We've even measured the time it took for whatever negative it was - probably electrons, probably also some D- or D2- - to reach the faraday probe, one time using the secondary ion source grid itself as the probe (important for what follows) and the propagation time appears to be in the 10 us range. That's aweful slow given the voltages involved...either this stuff isn't getting full speed of the voltage, or what we're really seeing is something heavy and negative - as in charge-exchanged D- species.
An apparently unrelated observation is that we see highest Q at the lower gas pressures (which is borne out by the theories of space-charge defocusing we've known since the early days of electron tubes). We also see pulses of the very highest Q - 500-1000 times more than normal, during onsets, not in steady state, and it would be better had I not edited out "outliers" that were 100 times more Q than what I left in the data set, being conservative and all.
Let's put that together for a minute. Highest Q when it's hard to start, and only at the start. Low gas pressure. An incidental "valve" or tube with a crap-ton of power gain. What does that suggest?
Well, to me, it means I should be either driving this, or making an oscillator - we don't know which is best, and the math is kinda like fractal to figure out, so we are more or less reduced to just trying stuff. Could be that the idea driving waveform will be the opposite of what we get as an oscillator if we should make one - but we just don't know. And the idea that we could do this as an oscillator is just to elegant to ignore.
So, I'm making an oscillator. I will report in the proper place here when I run it, but of course I hope to be reporting far higher Q than normal, and various expected and unexpected results - that's the very nature of science. Why am I saying this first, then testing later? Well, good science predicts, and takes its lumps depending on whether the predictions come out true or not.
I therefore predict that an oscillator, or a driven system, will have far higher Q than a steady state fusor, which to me has appeared as what a math guy would call a "strange attractor" for dynamics that are not best, but worst case for actual fusion. We will know soon - why guess?

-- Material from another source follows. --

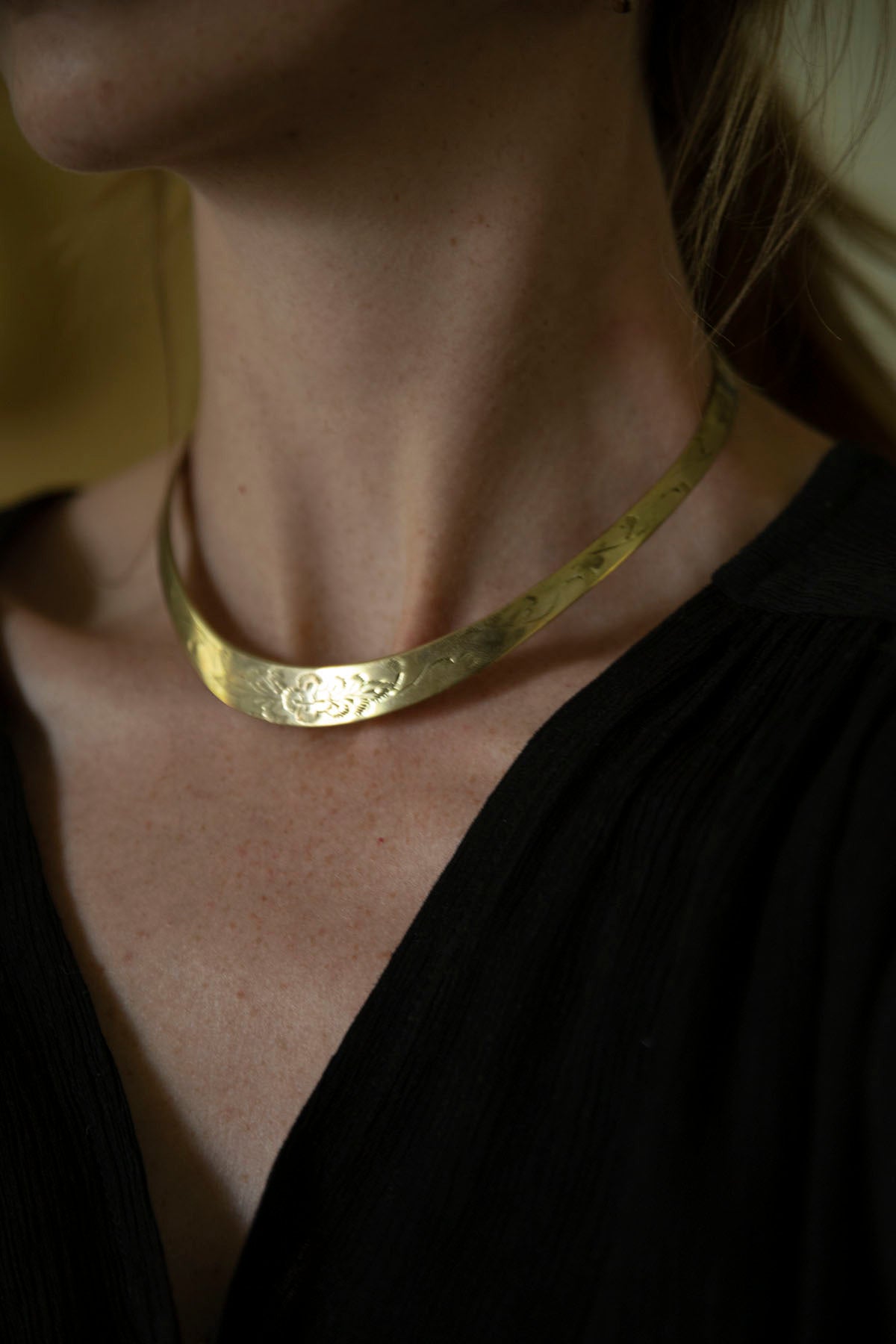 Brass cuff necklace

I just finished winding the secondary coil for the transformer. The primary is in series with the DC feed to the main grid. It has about a 3-4::1 stepdown (turns ratio anyway) and even though fine-pitch, may not go low enough in frequency to "go the right speed" - after all, we DO certainly have more than one species here - and we don't even know which one we want to be driving the oscillation! But we'll know...that's what lab time is for.
Since a picture is worth a lot of words and so on...
Obviously I have a little more to do before this sees power. The bigger pipe is sched 80, for insulation. There is an 8" diameter wire-screened outer pipe not shown - this whole mess is more or less the center conductor of a large piece of coax, to keep EMI out of my other stuff - it can get pretty fierce otherwise. The secondary here will be connected in series with the little supply (and ballast) that normally drives the secondary grid. Both supplies have a lot of series R, for safety. We have so much power gain, I'm not going to worry about the losses there for now, it almost oscillates by itself anyway, from coupling inside the tank, but at some wierd, very high frequency (working more like a regular electron tube it seems). This should put it more on a basis of us choosing the frequency and which particles are sloshing back and forth how far and fast.